Running ML code on jupyter notebooks is good for quick prototyping and model exploration. On production level large scale model training settings we should prefer .py
ML pipelines packed into a docker image running on kubernetes for reproducible, scalable and mainteinable workloads. The main reasons are:
- Python code is easyer to review and maintain.
- Python scripts allow automation of end-to-end executions using a few commands.
- Docker images packs OS and dependencies so the train run roughly the same everywhere.
- Dividing the execution into smaller steps allows more control over the runtime environment and infrastructure.
- Running the training pipeline over kubernetes facilitates using on demand jobs with custom CPU, RAM and GPU.
In this example we will build a two step pipeline consisting of a training step followed by an evaluation step.
Although the example is quite simple, the code structure is very robust and can be reused for heavyer and more complex pipelines.
Development
- Docker
- kfp SDK 1.x
Server
- Any Docker Container Registry (e.g. dockerhub, acr, gcr)
- A running kubeflow cluster.
This tutorial was designed to run using a local kubeflow cluster installed using kubeflow manifests. Specifically, we use the module helpers/kfp_auth
to authenticate kfp requests to Pipelines API through DEX. Minor modifications are required to use other authentication schemes.
Build the docker image and push to container registry.
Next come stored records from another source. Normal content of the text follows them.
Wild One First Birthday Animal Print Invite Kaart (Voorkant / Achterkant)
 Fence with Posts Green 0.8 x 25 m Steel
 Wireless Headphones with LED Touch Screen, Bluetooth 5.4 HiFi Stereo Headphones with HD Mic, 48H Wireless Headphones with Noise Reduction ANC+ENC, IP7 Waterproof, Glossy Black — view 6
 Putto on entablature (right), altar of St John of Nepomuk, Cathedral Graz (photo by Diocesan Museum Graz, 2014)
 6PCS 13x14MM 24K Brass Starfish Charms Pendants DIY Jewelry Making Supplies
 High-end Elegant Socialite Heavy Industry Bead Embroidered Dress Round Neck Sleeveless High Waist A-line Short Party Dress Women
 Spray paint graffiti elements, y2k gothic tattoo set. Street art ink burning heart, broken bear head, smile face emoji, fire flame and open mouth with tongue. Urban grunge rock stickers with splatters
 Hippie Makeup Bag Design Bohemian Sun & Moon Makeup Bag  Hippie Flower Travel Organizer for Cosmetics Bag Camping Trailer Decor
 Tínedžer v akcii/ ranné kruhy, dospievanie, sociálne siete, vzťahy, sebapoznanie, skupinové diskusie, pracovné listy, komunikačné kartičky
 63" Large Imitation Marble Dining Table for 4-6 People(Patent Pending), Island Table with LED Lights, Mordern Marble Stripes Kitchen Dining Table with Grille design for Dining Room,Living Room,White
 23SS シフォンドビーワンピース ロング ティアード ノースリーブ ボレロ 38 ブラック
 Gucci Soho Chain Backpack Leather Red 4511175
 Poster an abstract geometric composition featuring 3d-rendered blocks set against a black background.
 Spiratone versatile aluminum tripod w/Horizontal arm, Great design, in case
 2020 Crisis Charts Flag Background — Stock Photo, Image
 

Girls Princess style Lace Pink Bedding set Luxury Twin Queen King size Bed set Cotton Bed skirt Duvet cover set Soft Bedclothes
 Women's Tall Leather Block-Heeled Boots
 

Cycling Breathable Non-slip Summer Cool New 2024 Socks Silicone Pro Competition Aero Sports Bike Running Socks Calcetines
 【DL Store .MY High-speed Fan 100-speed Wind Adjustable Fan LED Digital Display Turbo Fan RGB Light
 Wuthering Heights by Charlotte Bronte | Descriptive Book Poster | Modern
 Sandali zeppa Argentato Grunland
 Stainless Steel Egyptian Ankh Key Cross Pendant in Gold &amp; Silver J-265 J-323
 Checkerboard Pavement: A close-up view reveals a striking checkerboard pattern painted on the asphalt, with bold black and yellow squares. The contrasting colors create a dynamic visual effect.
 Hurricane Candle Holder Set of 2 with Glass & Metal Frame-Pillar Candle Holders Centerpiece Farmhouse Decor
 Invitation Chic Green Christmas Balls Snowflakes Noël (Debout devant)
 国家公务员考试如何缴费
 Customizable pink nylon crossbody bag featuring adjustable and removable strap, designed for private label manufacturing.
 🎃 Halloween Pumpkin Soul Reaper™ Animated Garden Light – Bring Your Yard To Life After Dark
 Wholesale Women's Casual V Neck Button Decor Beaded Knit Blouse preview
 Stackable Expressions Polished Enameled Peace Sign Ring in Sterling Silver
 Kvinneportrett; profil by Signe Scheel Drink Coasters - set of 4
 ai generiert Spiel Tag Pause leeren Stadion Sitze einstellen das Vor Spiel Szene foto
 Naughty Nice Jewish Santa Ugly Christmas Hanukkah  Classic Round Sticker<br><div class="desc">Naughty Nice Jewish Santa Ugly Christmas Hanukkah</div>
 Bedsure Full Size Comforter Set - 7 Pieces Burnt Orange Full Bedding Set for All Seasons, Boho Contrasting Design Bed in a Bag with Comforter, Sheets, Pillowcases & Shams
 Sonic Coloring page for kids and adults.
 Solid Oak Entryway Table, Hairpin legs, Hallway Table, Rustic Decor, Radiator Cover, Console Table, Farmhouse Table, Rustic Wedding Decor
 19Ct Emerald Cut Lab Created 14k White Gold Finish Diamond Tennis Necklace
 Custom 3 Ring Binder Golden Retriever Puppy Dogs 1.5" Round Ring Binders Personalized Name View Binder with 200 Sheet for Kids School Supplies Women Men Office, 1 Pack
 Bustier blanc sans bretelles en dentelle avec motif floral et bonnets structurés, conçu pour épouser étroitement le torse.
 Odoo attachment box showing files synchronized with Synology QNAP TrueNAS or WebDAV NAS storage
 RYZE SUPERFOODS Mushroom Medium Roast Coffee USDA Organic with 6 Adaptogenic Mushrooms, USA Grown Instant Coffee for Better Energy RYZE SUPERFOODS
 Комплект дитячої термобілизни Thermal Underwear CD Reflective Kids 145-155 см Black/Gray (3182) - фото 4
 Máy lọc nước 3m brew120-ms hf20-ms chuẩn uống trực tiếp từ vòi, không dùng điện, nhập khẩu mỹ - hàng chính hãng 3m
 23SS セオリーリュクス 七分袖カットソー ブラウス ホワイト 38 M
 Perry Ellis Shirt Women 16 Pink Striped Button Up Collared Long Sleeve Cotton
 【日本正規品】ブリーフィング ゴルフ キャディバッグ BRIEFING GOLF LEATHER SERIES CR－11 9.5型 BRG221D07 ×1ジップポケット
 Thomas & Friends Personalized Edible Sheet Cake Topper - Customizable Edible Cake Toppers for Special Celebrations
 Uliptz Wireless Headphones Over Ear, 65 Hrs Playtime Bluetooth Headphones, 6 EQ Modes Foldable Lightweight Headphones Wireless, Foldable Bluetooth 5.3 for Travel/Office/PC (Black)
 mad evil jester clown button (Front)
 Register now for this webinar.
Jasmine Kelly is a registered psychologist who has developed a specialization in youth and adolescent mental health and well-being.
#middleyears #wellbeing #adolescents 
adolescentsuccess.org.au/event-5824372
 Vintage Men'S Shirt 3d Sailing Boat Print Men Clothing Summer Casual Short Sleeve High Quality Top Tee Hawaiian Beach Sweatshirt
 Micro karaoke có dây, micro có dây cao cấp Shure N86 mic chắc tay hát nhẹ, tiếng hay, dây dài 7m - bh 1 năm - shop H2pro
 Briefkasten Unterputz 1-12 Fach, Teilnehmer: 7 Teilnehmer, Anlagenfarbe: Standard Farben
docker build -t <container registry URI + tag>:latest . && \
docker push <container registry URI + tag>:latest
Deploy the pipeline to kubeflow.
# Install kfp
pip install --upgrade kfp
# Export authentication ENVs
export $(cat sample.env | xargs)
# Deploy pipeline
python pipeline.py
Open your kubeflow pipelines to check status and logs.
Alternatively, use the kubeflow SDK to fetch data programatically:
from helpers.kfp_auth import KfpAuth
client = KfpAuth().client()
experiment_id = client.get_experiment(experiment_name='Default').id
print(f'Experiment id: {experiment_id}')
runs = client.list_runs(experiment_id=experiment_id, sort_by='created_at desc')
print(f'Latest run {runs.runs[0].id} has status {runs.runs[0].status}')